Before embarking on a regular practice of solitude, it is important to make the distinction between solitude and isolation. These terms are often mistakenly used interchangeably but are in fact quite different. Isolation, like solitude, is associated with the state of being alone, though both can be self-inflicted. The key distinction between solitude and isolation is that solitude is an intentional choice, made out of an individual’s desire to be by themselves in order to better themselves. Isolation, however, is associated with loneliness, and can become seriously harmful. Solitude is vastly different. It is about making an effort to be comfortable with spending time alone in a productive way. It is taking clear steps to be self-reflective and discover who you really are at your core- discovering what your needs are, and how best to serve them.
Taking time to be in solitude can help build self-esteem, because it can help you gain clarity regarding your identity and goals, without worrying about or relying on external factors. Through time spent in solitude, you develop a unique ability to turn completely inward and start to understand yourself on a deeper level. This can be through meditation, journaling, taking a walk in nature, or simply sitting with your thoughts and letting your mind wander, without worrying about what other people think. When you take the time to truly get to know yourself, you are less likely to allow your identity to be shaken by others’ perceptions of what you should be, and less likely to ignore your true desires and values in order to please other people. You thus discover new interests and new pursuits that come directly from the core. Solitude allows you to become more secure in yourself, which enables you to carry yourself more confidently. There is great strength that comes from developing this security in your identity.
Intentional solitude can also improve social relationships and how you engage with others. Expecting to be “on” all of the time and to endlessly perform in social and professional settings without taking time to properly rest and recharge is unhealthy, and unrealistic.
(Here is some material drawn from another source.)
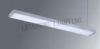 Aluminium Alloy Dimmable T5 Fluorescent Lights / Office Lamps For Airports, Metro LS-702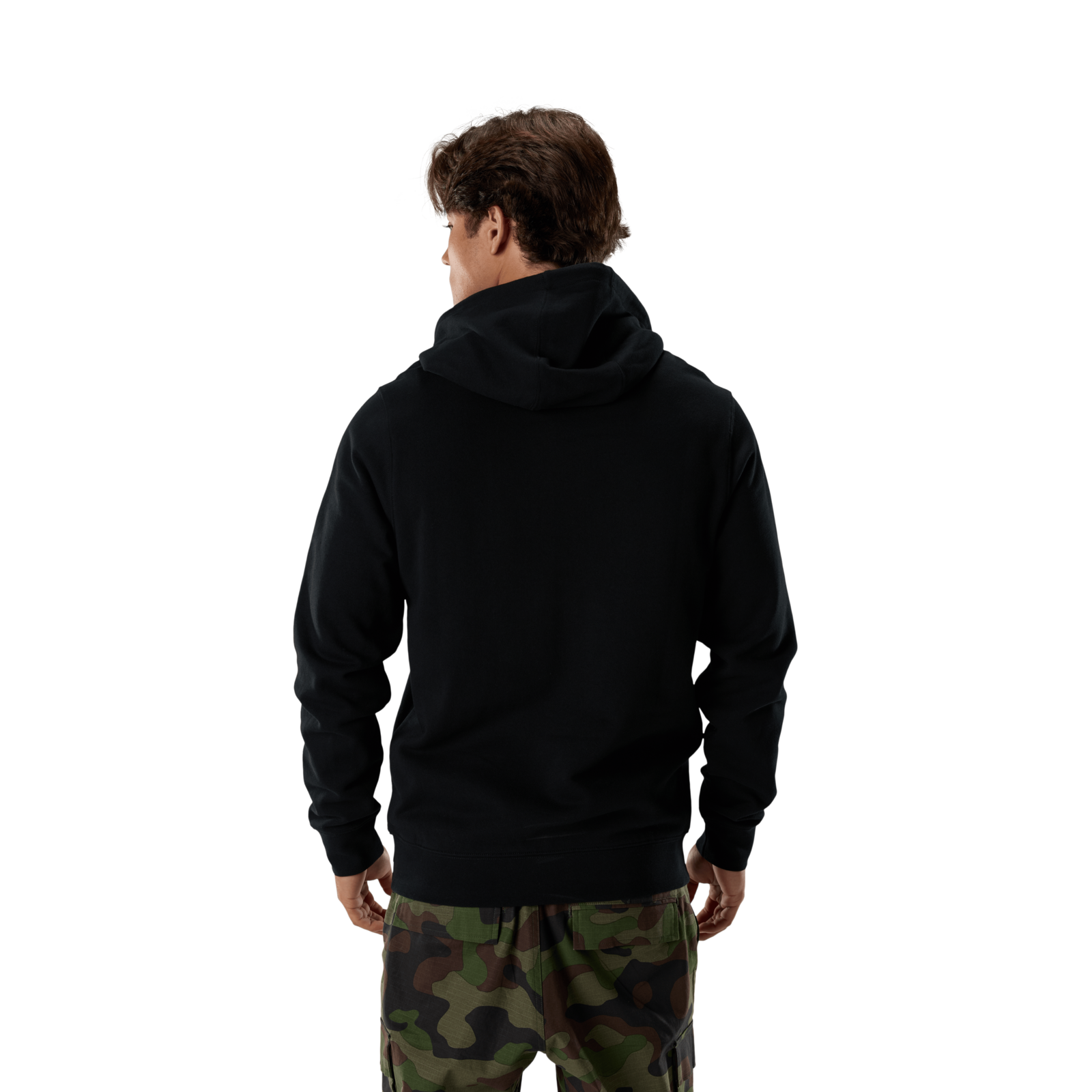 Fox Racing Fox Head Fleece in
By spending time with yourself, you are able to better reflect on your interactions and relationships. You will avoid encountering stress and burnout, and develop a greater appreciation for the time you do spend with others. It prepares you for more positive and healthy social interactions, for when you have time in solitude, you are able to identify your stressors and regulate your emotions. In this way, you are more present and fully engage with the people around you without being held back by emotional exhaustion.
As you begin to cultivate this practice of solitude, have patience for yourself. For many, especially those for whom solitude is not a natural part of their current recharge system, it can seem daunting or even impossible. It is important to start slowly, such as setting aside even a few minutes each day for your intentional alone time. This can be built up to a few hours a week, at whatever pace makes you feel most comfortable. Don’t be afraid to sit in discomfort, however, as this is where growth and progress often result from. Finally, remember that everything should be done in balance. Each person’s incorporation of a practice of solitude will look different, and that is how it should be.There are benefits from spending time in solitude and with others, and one will not be fulfilled by just doing one or the other. How you choose to balance your time is up to you, as ultimately, solitude is about finding the best practices to improve your life, without the need to compare yourself to others’ journeys.